Après les présentations d'usage et le mot de bienvenue du directeur du Goethe-Institut de Dakar, Michael Jeismann, la première matinée du séminaire a été consacrée à l'état des lieux de la lecture publique au Sénégal. Pour Ndèye Coumba Fall Diop, représentante de la Direction du Livre et de la Lecture (DLL), le Sénégal fait face à un manque criard de moyen humain surtout dans les bibliothèques publiques. Selon elle, la plupart de ces bibliothèques ne sont pas gérées par des professionnels. Par ailleurs elle note, une disparité de la lecture publique en milieux urbains et ruraux, bien que ce soit la même politique qui s'applique dans ces différentes localités.

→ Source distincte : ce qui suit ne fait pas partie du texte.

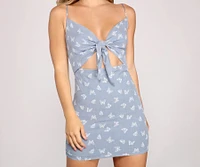 Lovestruck Butterfly Print Smocked Mini Dress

En milieu rural, dit-elle, « les moyens ne suivent pas toujours, contrairement à la ville qui peut bénéficier de la coopération décentralisée ». De surcroit, le budget très limité de la Direction du Livre et de la Lecture, ne permet pas toujours de débourser les moyens d'une bonne politique du livre et de la lecture. Néanmoins, elle défend que la Direction du Livre et de la Lecture joue sa partition à travers la foire du livre tous les deux ans et la tenue de la journée mondiale du livre qui lui est dédiée chaque année. Mais aussi par le soutien accordé aux initiatives privées comme,« La caravane du livre » de la librairie Claire-Afrique, « La rencontre sur le fleuve » organisé par l'écrivain Sokhna Benga. Sans oublier, souligne-t-elle, le fond d'aide à l'édition qui appuie tous les maillons de la chaine du livre.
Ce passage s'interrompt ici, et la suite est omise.